*INFORMATION SUPPLIED*:
━━━━━━━━━━━━━━━━━━━━━━━━━━━━━━
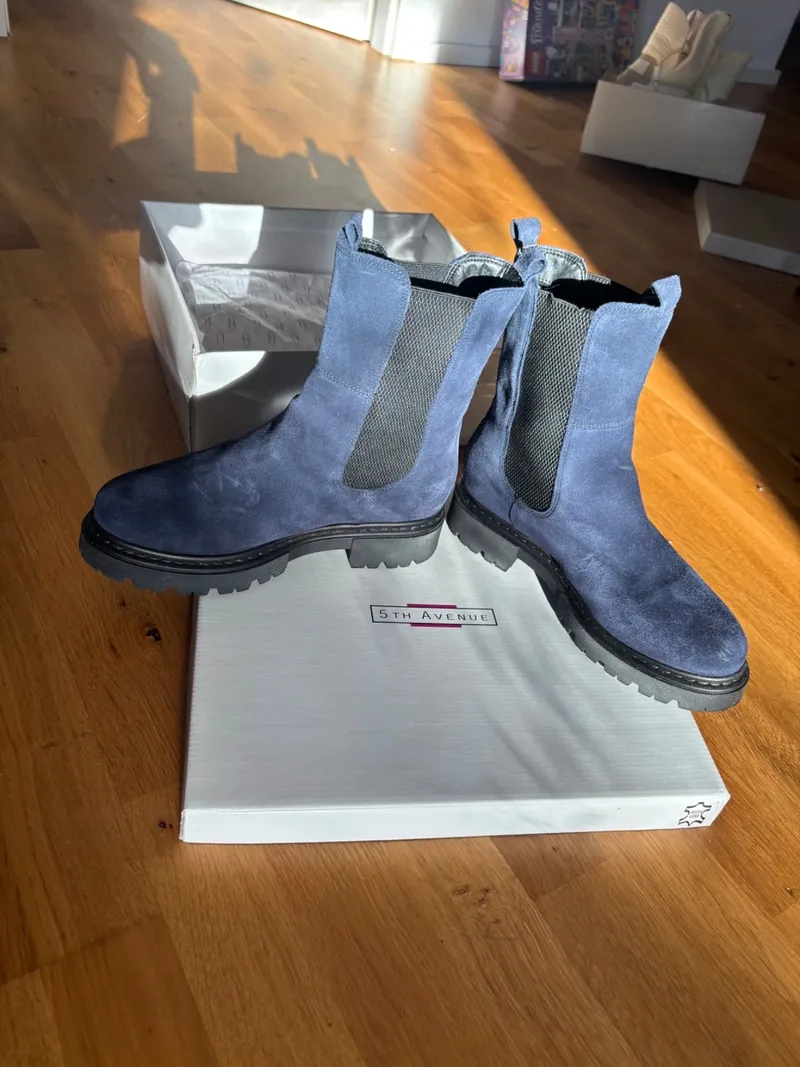5th Avenue Chelsea Boots Damen Gr. 37 Wildleder Blau Stiefelette 3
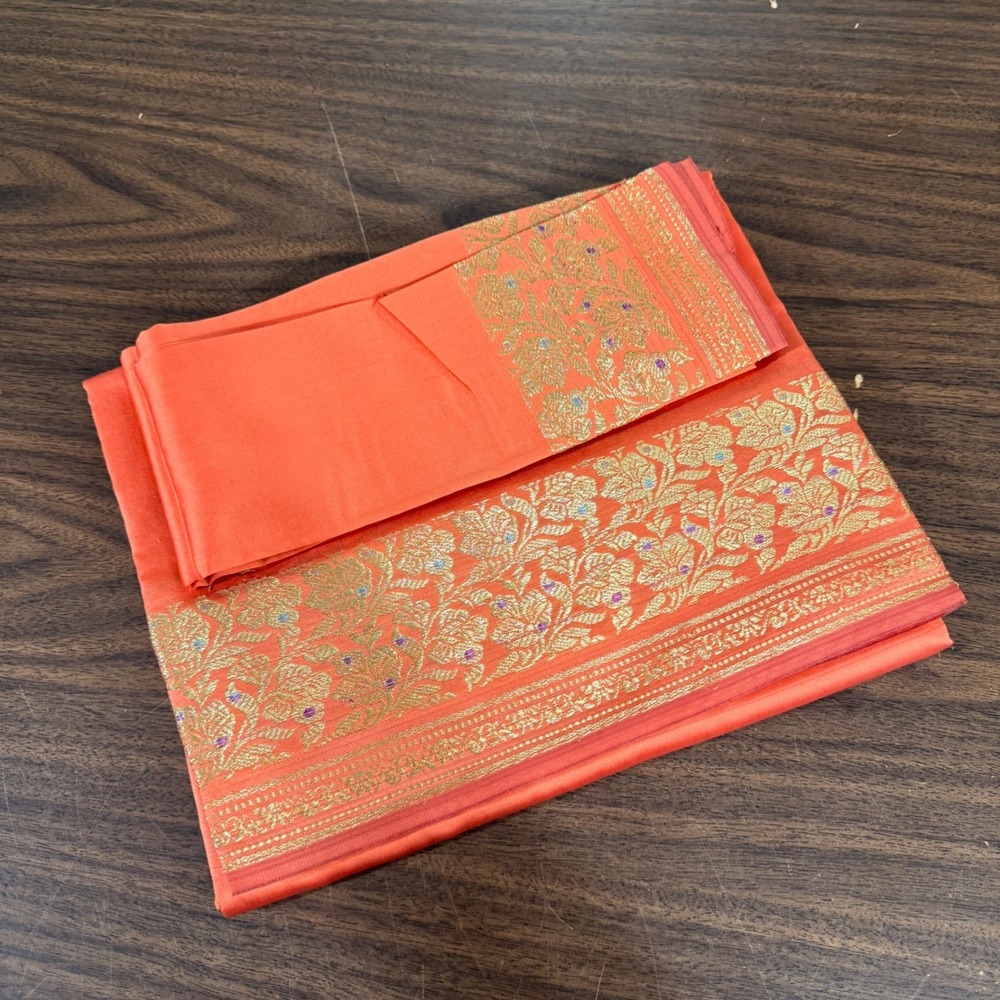 NEW Indian Womens Brocade Artificial/ART Silk Sari SAREES PEACH w/Blouse Piece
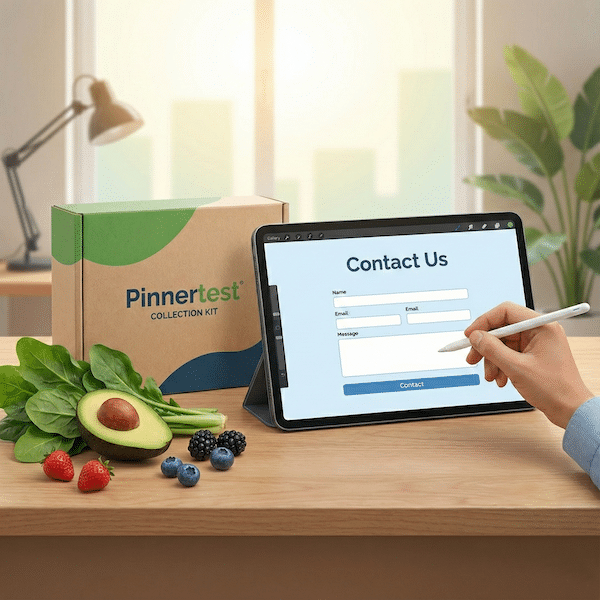 AI-generated illustration representing food sensitivity research and contact support for Pinnertest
━━━━━━━━━━━━━━━━━━━━━━━━━━━━━━
*WHAT IS NEEDED*: The output should be the material above, copied exactly, without its pictures.

*PROBLEM SOLUTION*:
5th Avenue Chelsea Boots Damen Gr. 37 Wildleder Blau Stiefelette 3
 NEW Indian Womens Brocade Artificial/ART Silk Sari SAREES PEACH w/Blouse Piece
 AI-generated illustration representing food sensitivity research and contact support for Pinnertest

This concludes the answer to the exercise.